Leaning over my computer, I try to find the words to explain Esmé’s relationship with The Muppets, and, in particular, Walter. I have the chance to explain the depths of Esmé’s love for Walter to someone who helped make Esmé’s favorite movie and her dearest love come to life. As I type the words, I can feel my eyes well up. And, so I know it is true:

“Esmé and I can sometimes have conversations—using her word cards. We’ve talked about it, and I have come to understand that she is in love with Walter. I think that she feels like him a lot—like the world wasn’t exactly made for her. And I think she is waiting for her moment to show the world who she is. (I believe, with all my heart, she has many such moments in her future.) I know, from talking to her, that she knows she is very different…and that she finds it frustrating. Sometimes I think she may wonder if she is a Muppet.”

My daughter thinks she is a Muppet. I am rather certain of that now. I see it as she watches The Muppets for the millionth time, her face pressed hard against the screen of her iPad, her lips moving constantly. I don’t know if she is reciting the words back or speaking to the characters.

Something tells me that she is speaking to them…and that they are answering her back.

This has been a Finish the Sentence Friday post. 
The host of Finish the Sentence Friday, as always, is Kristi from Finding Ninee.
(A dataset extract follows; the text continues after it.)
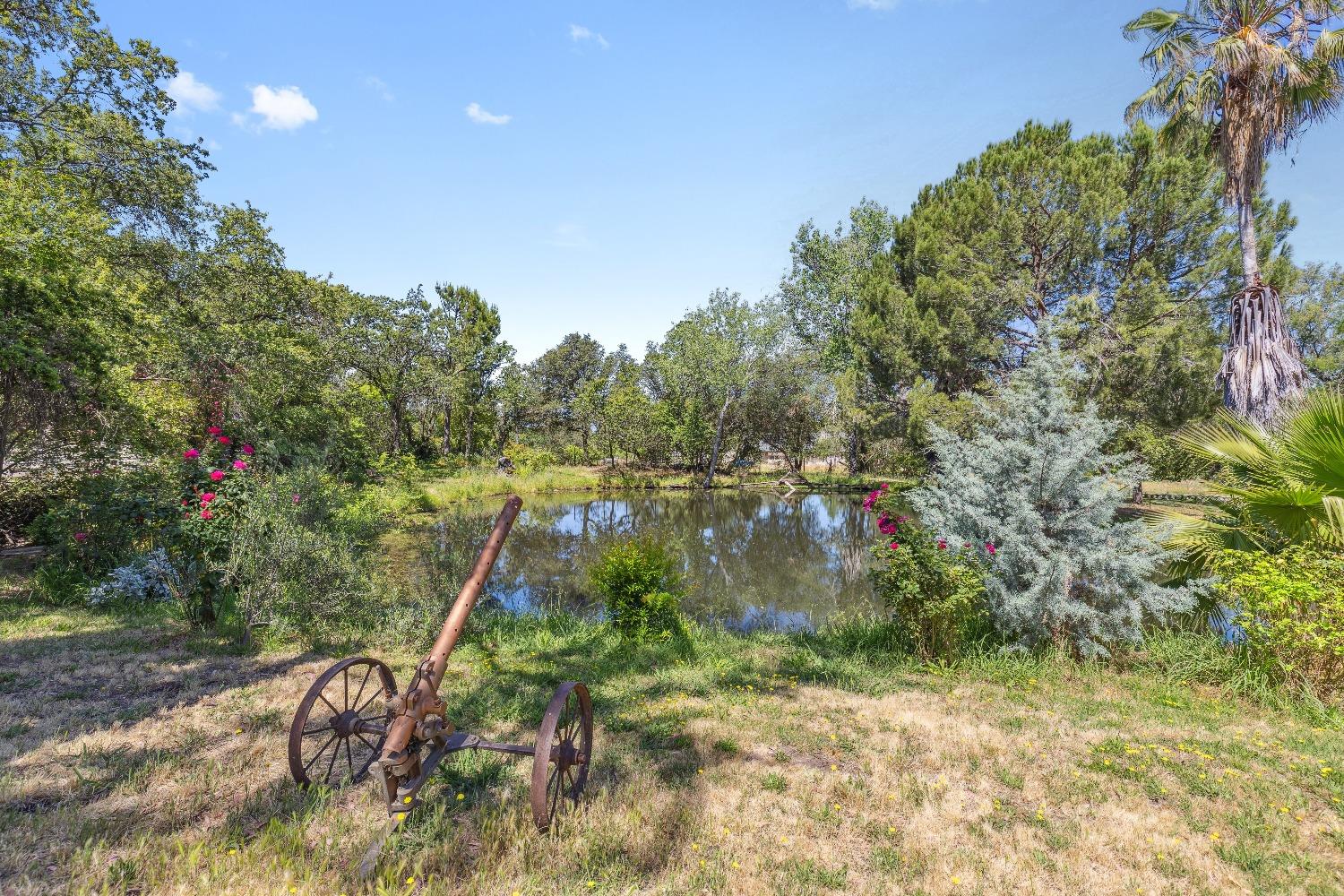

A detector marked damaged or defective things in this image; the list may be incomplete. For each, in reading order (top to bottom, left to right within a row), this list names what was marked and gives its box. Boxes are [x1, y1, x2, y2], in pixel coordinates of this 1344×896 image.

rusty metal shaft [382, 494, 527, 768]
rusty metal wheel [291, 655, 395, 789]
rusty metal wheel [527, 682, 591, 832]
And I am thrilled to be acting as her co-host today!
Finish the Sentence Friday is a link-up where writers and bloggers come together to share their themselves with a particular sentence. If you’d like to stay ahead of future sentences and participate, join our Facebook group.


8 Comments

  • You did such an amazing job in your speech, and in this, that you said you’d “phoned into.” I feel this with all of me, and teared up, and my only regret is that in your speech, as you look toward the screen that was in the room, I couldn’t see what you saw – Esme crawling toward her future. I also love “my daughter is a muppet” but not because of that line. I love it because I see you seeing her, talking to the screen, and knowing her in a way that’s beautiful and pure. Thank you for being my co-host.

  • This is just beautiful all around but I love that she thinks she is a Muppet and in love with Walter. Having had to watch this movie (and listen to the sound track in the car) dozens and dozens of times, I can see that.

  • Thank you for co-hosting with Kristi, this most engaging of FTSF ‘hops. This week’s collection has, imo, been a standout week in terms of eloquence and a certain engaging quality to the story (that most of the writers) provide. The irony is not lost on myself, the degree of my own identification with the others this week.

  • I love all of the #Truth you have shared here. Hard Truth and soft truth, too. In my family, we understand and relate to the Muppets, as well. I want to say more, but it would never be enough. I just love that you have shared these words is all.

  • Wow. You are so well spoken and engaging. I have actually used the Muppet reference with my kids multiple times. And I’ve always called them Doozers.. doing what Doozers do. (from Fraggle Rock)

  • Wish I could have seen the images. Even without seeing them, this is so incredibly beautiful. Blessings.